Due to the amount of work required to complete these introduction, events had to be staggered. Some island populations began their existence in 2017, some in 2018, more in 2019 and so on, giving us multiple island populations staggered across time. Here, however, I am focused on the first eight islands used in the project, four from 2017 and four from 2018. Using individual VIE marks, mark-recapture surveys, and a mark-recapture model, I was able to track the population sizes on each island over time, meaning we could follow any trends and patterns that might arise. Yet having a large, multi-year experimental system like this is risky. Anything and everything can go wrong. In late 2018/early 2019 that “anything and everything” did happen. One of the worst droughts in recent years hit Panama, hugely impacting the local flora and fauna, and drastically lowering the level of Lake Gatun and the Panama Canal itself. Even the weight limit of the supertankers going through the canal had to be restricted to save these numerous metal leviathans that use the canal daily from running aground. To put it another way; 2019 was approximately 1oC warmer than the previous two years of the study and the dry season of 2019 had less than half the amount of rain as the previous year.

What did this drought mean for our island cast-aways? Well, you can probably guess the answer to this question from the narrative at the start. It did not go well. Yet, the damage across different populations was not equal. The four populations we introduced in 2018, a mere three months before the onset of the drought, were essentially obliterated by the time we returned the next year. A few individuals remained, but for the most part, the survivors on these islands were alone. Yet the populations that were introduced to islands in 2017 were still, mostly, surviving. Even the populations that entered the drought with vastly lower population sizes (10-20 lizards) than the 70 individuals of the 2018 islands, managed to survive.

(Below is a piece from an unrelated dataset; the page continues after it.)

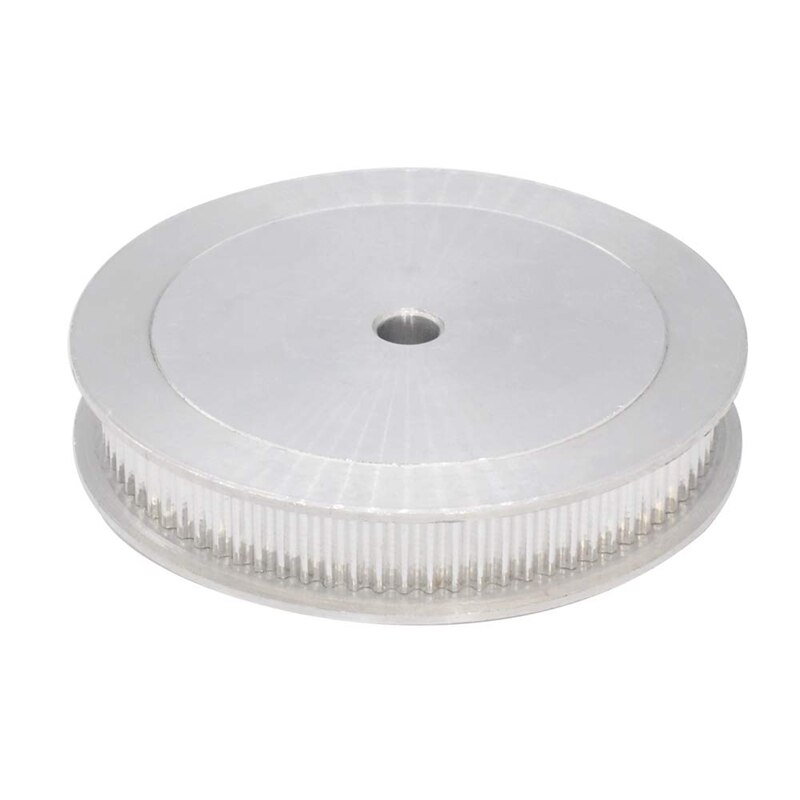 5mm Bohrung GT2 80 T Rolle Synchron Rad 2GT Zahnriemen Rolle 80 Zähne für Voron 2,4 3D Drucker 6mm Breite Gürtel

Anolis apletophallus population estimates

Population sizes and densities across the 8 different island populations; C, D, F & P introduced in 2017 and J, O, S & T introduced in 2018. Dashed lines indicate the two islands with a competitive anole species.

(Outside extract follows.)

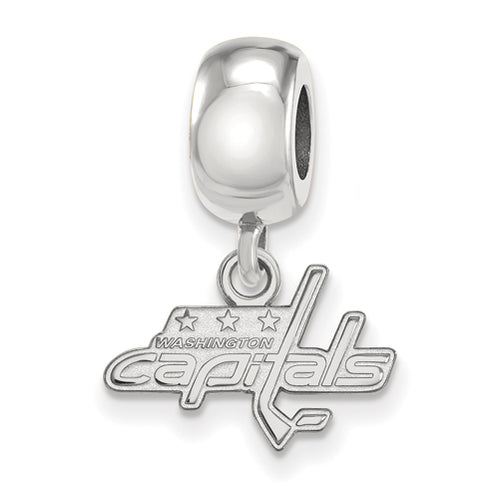 SS NHL Washington Capitals XS Dangle Bead Charm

Further to this, two of those 2017 islands even had a competitive species (Anolis gaigei) that all the other islands did not. This competitive element had a detrimental impact on our introduced populations. We found that male and female A. apletophallus had a reduced difference in their habitat usage on the islands with the competitor species (A. gaigei); essentially, we think interspecific competition could be driving interspecific competition. Even when this competitive element was combined with the drought, the populations of lizards exposed to a competitor still managed to cling on, albeit in very low numbers. In fact, as of summer 2022, one of these two-species islands still has a population of A. apletophallus, though the other island was not so lucky.

The ability of a population to establish itself is hugely affected by extreme climate events, such as drought.

Ultimately, we found that after being exposed to a novel environment (in this case islands), the ability of a population to establish itself is hugely affected by extreme climate events, such as drought. However, the amount of time a population spends in a new environment can mitigate the detrimental effects of a climate anomaly. This mitigation in turn is somewhat diminished in the presence of a competitor, but not completely.  So, to go back to our earlier narrative, could it be that just having more time on an island is sufficient to avoid wrack and ruin? It looks that way, at least in this case. Let’s, however, look at it in a different way, for a final take-home message. It is often thought that climate anomalies weaken ecosystems and make them more susceptible to invasive species, such as we mimicked here. Yet with our study, we have shown that climate anomalies can mitigate potential invaders if the anomaly hits before the novel species have had time to adapt.